Washington, January 24:

In contrast to the massive deficit in trade in goods, the United States is chalking up a rare surplus in services trade with China that could balloon to $67 billion in eight years, says a report commissioned by American companies.

The United States enjoyed a $2.6 billion surplus in services trade with China in 2005, compared to its colossal goods deficit of $201.6 billion.

But US service sector exports to China are growing faster than to any other country and “by 2015, the service sector current account balance with China could be worth $67 billion,” said a study by global economic forecasting firm Oxford Economics.

The study on often-overlooked US expansion of trade and investment in services was commissioned by the China Business Forum, the research arm of the US-China Business Council (USCBC), a key group of US companies engaged in business with the world’s most populous nation.

It showed that the United States could add as many as 240,000 new, high-paying service industry jobs by 2015 amid the rapidly growing trade.

Despite the deficit, China also stands to gain as its service sector expands, the report said.
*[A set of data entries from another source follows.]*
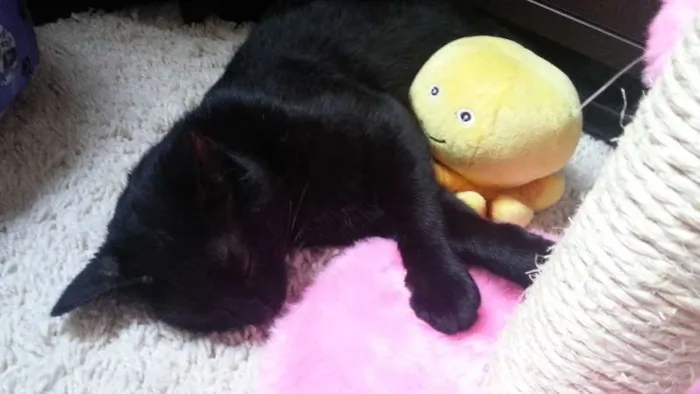 Gato ra a SRD idade 2 a 6 meses nome Bebê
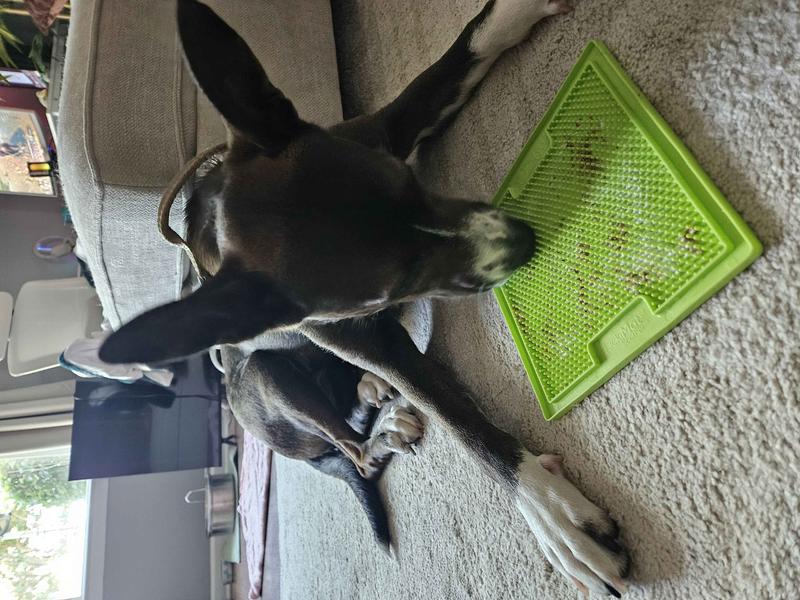 LICKIMAT Classic Soother Slow Feeder Dog Lick Mat, Green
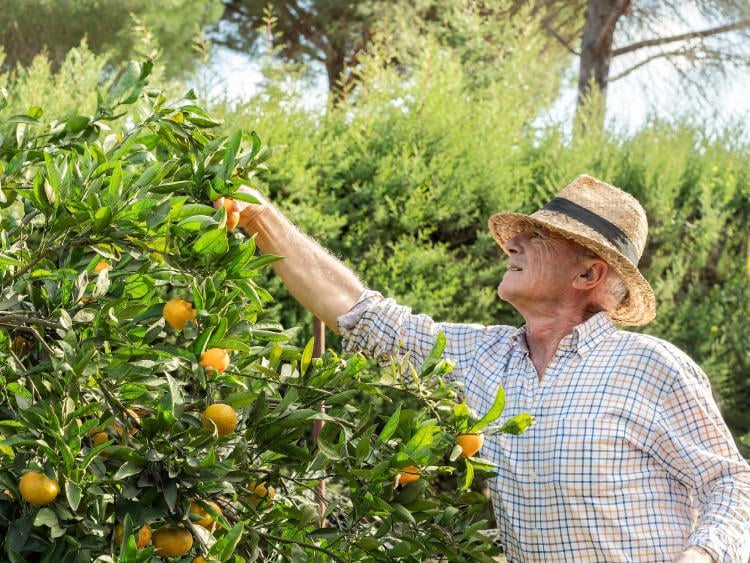 Cómo es el mapa de las plantas de biometano en Europa Cómo es el mapa de las plantas de biometano en Europa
By 2015, it said, if all the impediments to growth in service sector imports and inflows of investments were removed, the average Chinese household would be better off by between $300 to $400 per year, and up to seven million “high-paying, high productivity” jobs would be created.

The benefit would amount to an additional $138 billion in Chinese gross domestic product, it said.

“This study shows that the future benefits are clearly significant for both the US and Chinese economies if China continues to open its service sector to foreign providers,” John Frisbie, president of the USCBC, told a news conference in Washington where the findings were released.

“The US is the world’s leading service economy and this is an important area for growth,” he said. US service sector exports to China are to a large extent focused in IT, management consultancy and financial services as well as building international transport networks.

China is obliged to open up its market to increased service sector imports and inflows of investment in order to comply with its World Trade Organization (WTO) agreement.

“Our research shows that implementing China’s WTO commitments is an essential first step to maximizing the advantages for both economies of service sector trade and investment,” said Erik Britton, director of Oxford Economics and lead author of the study.

“If China increases the pace and scope of reform in the sector, the benefits will be even more substantial and long-lasting,” he said.

By 2050, according to the study, China will become the world’s largest market for services.

US service sector exports to China “in the long run” could reach between 1.5 per cent and 3.5 per cent of US gross domestic product.

In 2010, the average US household would be better off by about 500 dollars a year as a result of growth in services trade with China, the study said. It identified “serious impediments” to the growth of China’s service sector, including “excessively opaque and inconsistent” application of rules and regulations governing foreign exports and investment.

Other restraints were Beijing’s “excessive” support for domestic state-owned service providers and bureaucratic burdens for foreign service providers.